Let's now predict the probability of high_use using this model, and tabulate the results.
```{r}
library(tidyverse)
probabilities <- predict(model, type = "response")
# add the predicted probabilities to data
data <- mutate(data, probability = probabilities)
# use the probabilities to make a prediction of high_use
data <- mutate(data, prediction = probability > 0.5)
# tabulate the target variable versus the predictions
table(high_use = data$high_use, prediction = data$prediction)
```
From the confusion matrix we can see that the model correctly predicts 265 out of 268 cases of low alcohol, but incorrectly predicts that 109 cases of high alcohol use would have low use. Only 5 out of the total of 114 cases of high use were predicted correctly. Let's compute the training error to see how the model fares overall.
The following code defines mean prediction error as the loss function and calculates for the model's predictions.
```{r}
loss_func <- function(class, prob) {
n_wrong <- abs(class - prob) > 0.5
mean(n_wrong)
}
loss_func(class = data$high_use, prob = data$probability)
```
The mean prediction error is 0.2931937, which means that the model correctly predicts high/low alcohol consumption in over 70% of the cases in the data.
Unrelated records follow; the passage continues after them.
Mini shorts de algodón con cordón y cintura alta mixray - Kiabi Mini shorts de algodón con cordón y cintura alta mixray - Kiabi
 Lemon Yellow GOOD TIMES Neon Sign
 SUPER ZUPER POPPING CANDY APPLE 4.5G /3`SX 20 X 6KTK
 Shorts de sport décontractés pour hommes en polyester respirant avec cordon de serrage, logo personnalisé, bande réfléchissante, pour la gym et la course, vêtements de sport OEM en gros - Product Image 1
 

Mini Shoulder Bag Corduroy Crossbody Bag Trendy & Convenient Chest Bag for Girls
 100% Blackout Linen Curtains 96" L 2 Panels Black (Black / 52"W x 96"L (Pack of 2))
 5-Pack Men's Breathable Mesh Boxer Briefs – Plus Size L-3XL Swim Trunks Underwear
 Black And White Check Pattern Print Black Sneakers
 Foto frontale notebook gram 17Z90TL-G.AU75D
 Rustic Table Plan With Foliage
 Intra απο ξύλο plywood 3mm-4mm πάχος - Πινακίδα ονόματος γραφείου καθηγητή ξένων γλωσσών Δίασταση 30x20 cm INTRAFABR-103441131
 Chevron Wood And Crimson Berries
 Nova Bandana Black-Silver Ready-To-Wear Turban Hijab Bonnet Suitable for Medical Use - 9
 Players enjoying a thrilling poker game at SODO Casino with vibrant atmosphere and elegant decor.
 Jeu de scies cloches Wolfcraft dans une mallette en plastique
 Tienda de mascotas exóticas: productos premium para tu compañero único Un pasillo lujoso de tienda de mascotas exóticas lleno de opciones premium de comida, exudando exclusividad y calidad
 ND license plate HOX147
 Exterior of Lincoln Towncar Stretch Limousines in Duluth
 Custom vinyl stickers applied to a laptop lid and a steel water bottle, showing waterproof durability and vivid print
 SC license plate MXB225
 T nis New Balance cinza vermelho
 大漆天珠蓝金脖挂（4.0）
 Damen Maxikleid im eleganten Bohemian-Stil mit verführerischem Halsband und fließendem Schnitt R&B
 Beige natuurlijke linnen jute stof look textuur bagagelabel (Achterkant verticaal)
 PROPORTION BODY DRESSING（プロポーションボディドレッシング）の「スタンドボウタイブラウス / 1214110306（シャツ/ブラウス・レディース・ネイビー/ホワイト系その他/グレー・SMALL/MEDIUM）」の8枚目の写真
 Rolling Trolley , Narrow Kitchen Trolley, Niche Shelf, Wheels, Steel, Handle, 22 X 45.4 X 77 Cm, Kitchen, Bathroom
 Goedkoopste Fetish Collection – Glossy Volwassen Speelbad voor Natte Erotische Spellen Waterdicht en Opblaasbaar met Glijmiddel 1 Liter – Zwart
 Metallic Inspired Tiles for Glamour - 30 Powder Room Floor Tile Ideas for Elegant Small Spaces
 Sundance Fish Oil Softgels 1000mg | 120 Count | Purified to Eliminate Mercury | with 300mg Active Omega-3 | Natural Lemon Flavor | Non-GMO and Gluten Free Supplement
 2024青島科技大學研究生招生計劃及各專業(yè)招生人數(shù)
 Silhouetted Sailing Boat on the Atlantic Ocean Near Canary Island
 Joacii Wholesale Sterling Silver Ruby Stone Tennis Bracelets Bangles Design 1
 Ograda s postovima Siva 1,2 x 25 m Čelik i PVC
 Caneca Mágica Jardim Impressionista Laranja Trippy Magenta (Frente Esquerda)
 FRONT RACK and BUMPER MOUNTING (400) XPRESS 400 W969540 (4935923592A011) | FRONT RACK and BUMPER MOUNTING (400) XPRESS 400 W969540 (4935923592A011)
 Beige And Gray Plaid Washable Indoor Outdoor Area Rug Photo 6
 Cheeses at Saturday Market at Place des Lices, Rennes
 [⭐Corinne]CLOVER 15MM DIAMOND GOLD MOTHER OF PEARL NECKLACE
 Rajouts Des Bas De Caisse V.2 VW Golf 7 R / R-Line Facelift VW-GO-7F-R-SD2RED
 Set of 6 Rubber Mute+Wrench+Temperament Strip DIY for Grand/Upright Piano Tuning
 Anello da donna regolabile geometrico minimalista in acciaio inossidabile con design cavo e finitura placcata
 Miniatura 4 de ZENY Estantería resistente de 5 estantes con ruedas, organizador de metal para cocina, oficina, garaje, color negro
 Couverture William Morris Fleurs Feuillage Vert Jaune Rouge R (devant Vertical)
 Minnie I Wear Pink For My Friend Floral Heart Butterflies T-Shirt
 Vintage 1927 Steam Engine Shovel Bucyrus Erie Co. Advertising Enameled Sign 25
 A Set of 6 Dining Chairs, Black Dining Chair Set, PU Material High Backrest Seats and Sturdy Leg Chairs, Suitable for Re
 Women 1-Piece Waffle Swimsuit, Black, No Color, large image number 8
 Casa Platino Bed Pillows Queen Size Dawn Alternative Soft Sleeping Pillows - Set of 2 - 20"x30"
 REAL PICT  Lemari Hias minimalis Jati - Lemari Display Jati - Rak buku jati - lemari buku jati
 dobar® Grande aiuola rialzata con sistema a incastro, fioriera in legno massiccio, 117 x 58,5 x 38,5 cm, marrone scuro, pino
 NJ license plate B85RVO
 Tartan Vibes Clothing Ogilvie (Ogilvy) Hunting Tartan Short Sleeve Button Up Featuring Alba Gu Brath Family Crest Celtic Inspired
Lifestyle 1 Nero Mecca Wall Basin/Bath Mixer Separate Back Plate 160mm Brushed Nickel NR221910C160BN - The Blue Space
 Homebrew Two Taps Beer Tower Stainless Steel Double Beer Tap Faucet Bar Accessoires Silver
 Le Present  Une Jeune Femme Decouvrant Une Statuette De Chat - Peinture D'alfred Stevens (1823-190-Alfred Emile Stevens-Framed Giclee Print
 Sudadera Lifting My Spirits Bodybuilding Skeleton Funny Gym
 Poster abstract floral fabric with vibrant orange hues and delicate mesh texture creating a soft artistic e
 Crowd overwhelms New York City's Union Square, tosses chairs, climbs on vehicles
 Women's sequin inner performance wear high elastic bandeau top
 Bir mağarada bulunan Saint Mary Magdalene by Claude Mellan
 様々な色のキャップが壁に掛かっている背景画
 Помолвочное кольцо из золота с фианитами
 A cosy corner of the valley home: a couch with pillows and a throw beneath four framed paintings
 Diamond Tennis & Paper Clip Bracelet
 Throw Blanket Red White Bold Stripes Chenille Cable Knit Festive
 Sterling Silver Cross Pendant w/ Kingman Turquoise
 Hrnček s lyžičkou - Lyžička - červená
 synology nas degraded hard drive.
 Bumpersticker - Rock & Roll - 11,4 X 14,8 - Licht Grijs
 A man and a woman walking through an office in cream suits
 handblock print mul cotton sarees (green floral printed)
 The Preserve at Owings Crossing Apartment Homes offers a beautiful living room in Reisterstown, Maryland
To end this exercise, let's still do 10-fold cross-validation and compare the results with the model introduced in DataCamp (with error of 0.2617801).
```{r}
# We'll use the package boot for performing cross-validation
library(boot)
# K=10 means 10 folds
cv <- cv.glm(data = data, cost = loss_func, glmfit = model, K = 10)
# average number of wrong predictions in the cross validation
cv$delta[1]
```
My model has higher average error with 10-fold cv than the DataCamp model. Better than flipping a coin, though.